[Stored data]:
= = = =

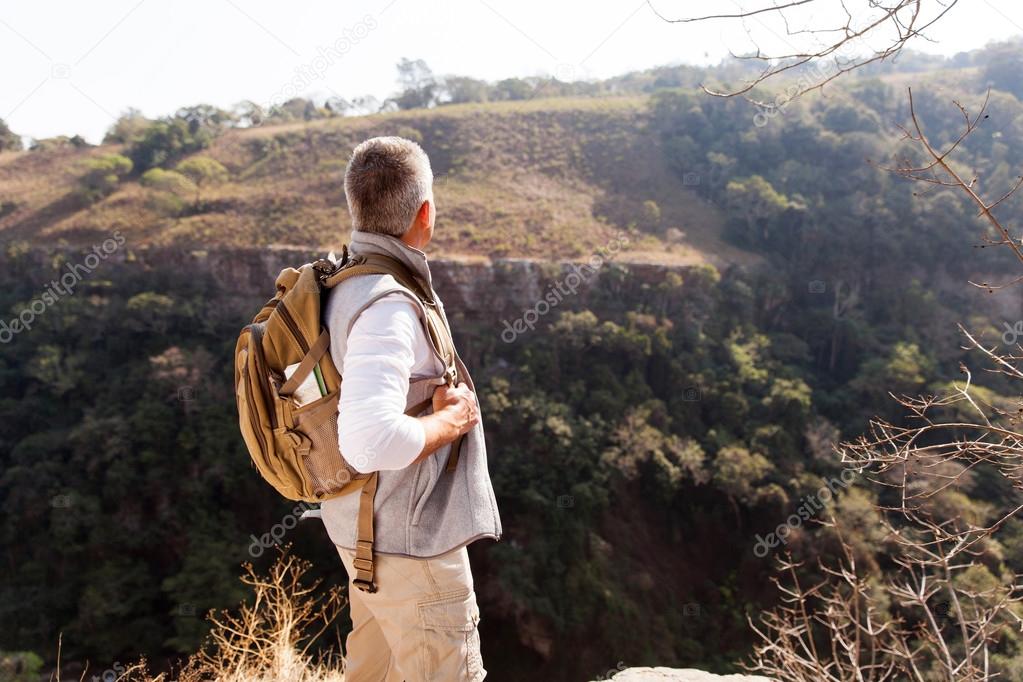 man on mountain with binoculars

= = = =

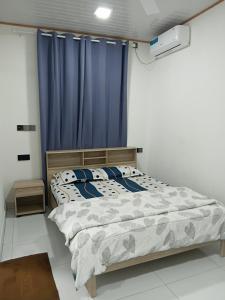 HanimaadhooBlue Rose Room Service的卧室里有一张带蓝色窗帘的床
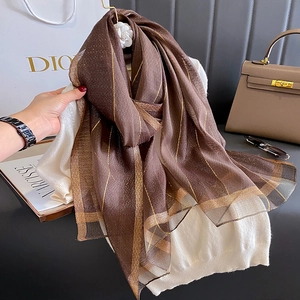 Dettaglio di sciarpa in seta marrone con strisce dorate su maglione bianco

= = = =

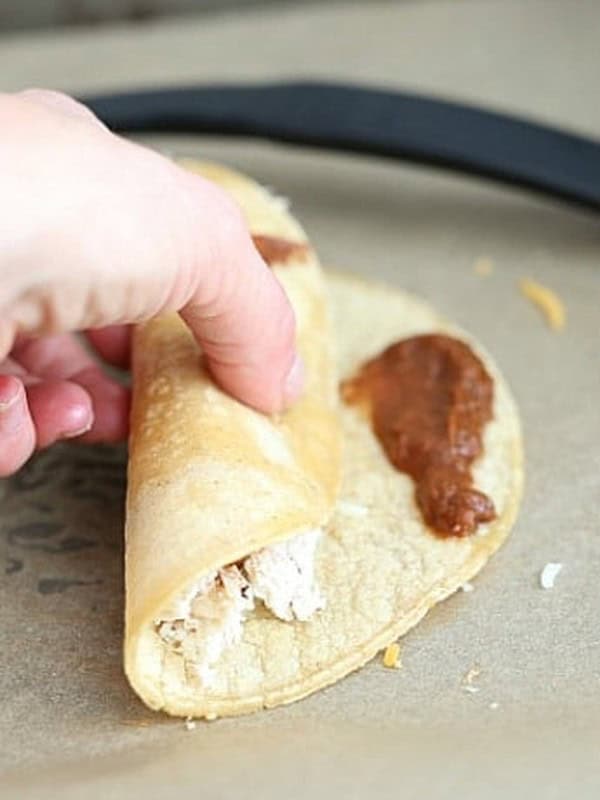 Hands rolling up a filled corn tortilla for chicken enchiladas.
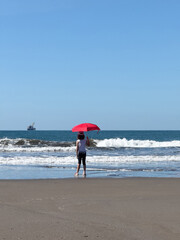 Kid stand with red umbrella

= = = =

What you return must match the lines above from the one with "Hands rolling up" through the one with "Kid stand with red umbrella" exactly, with both ends included and the pictures excluded.

 Hands rolling up a filled corn tortilla for chicken enchiladas.
 Kid stand with red umbrella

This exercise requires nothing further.